RIP Privacy: India, China, US And The World War For Data

As revealed by a slew of whistleblowers, the global surveillance infrastructure and the potential weaponisation of data has created a perverse atmosphere where privacy is just a figment of the imagination

With a ban on Huawei in the US and other parts of the world, and India’s ban on 200+ Chinese apps, countries around the world have taken steps to cut China’s influence on the global tech ecosystem to size

With privacy-ending surveillance on the rise, do we have adequate law to defend our privacy? Does the PDP Bill introduced in the parliament address our concerns, we asked Justice Srikrishna, the man behind the Bill

On the evening of June 29, Twitter came abuzz with news of India biting the bullet and banning 59 Chinese apps, including mega apps such as TikTok, Camscanner, shareIT, Helo, WeChat, Weibo as well as games like Clash of Legends.

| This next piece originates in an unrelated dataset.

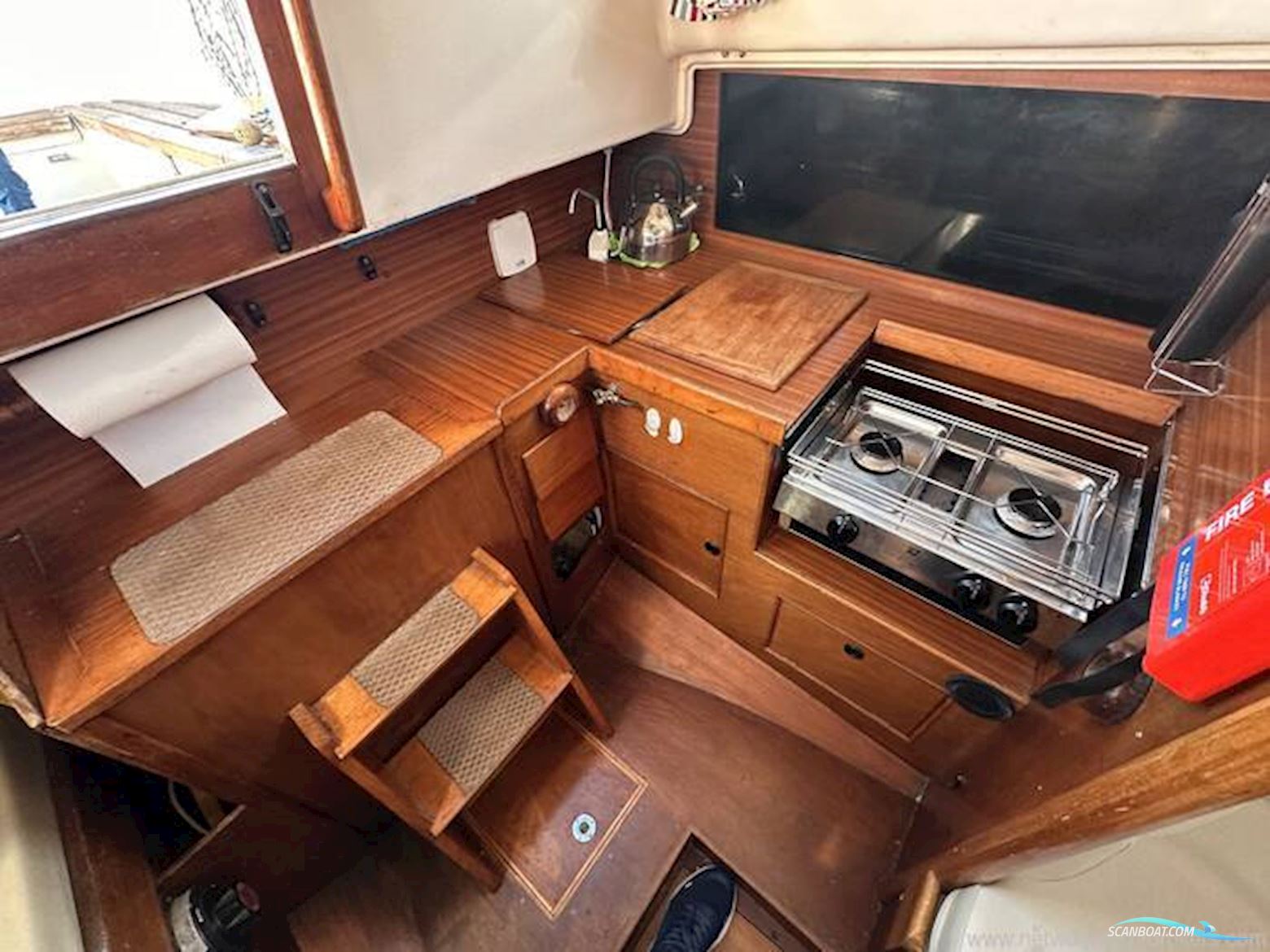 Contessa 32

While the government claimed that the decision to ban apps has been taken after considering months of feedback from concerned parties and citizens about data sovereignty, the timing of the ban — coming just weeks after the Chinese army’s incursion into the eastern Ladakh region — makes it a geopolitical.

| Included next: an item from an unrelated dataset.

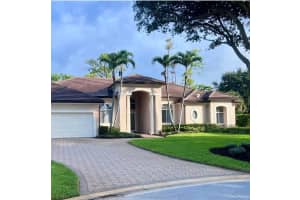 720 Pine Club Lane, Wellington, FL 33414 Sold 02/19/25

The government said that the banned Chinese apps posed a “threat to sovereignty and integrity” of the country. A few weeks later, another 47 apps were banned, taking the list now to over 200.

For long, intelligence agencies around the world have accused Chinese tech companies of stealing user data to provide geopolitical advantage to China. And with its move, India joined the league of Western nations such as the US, UK, Canada and others that see China as a threat in the Global Data War.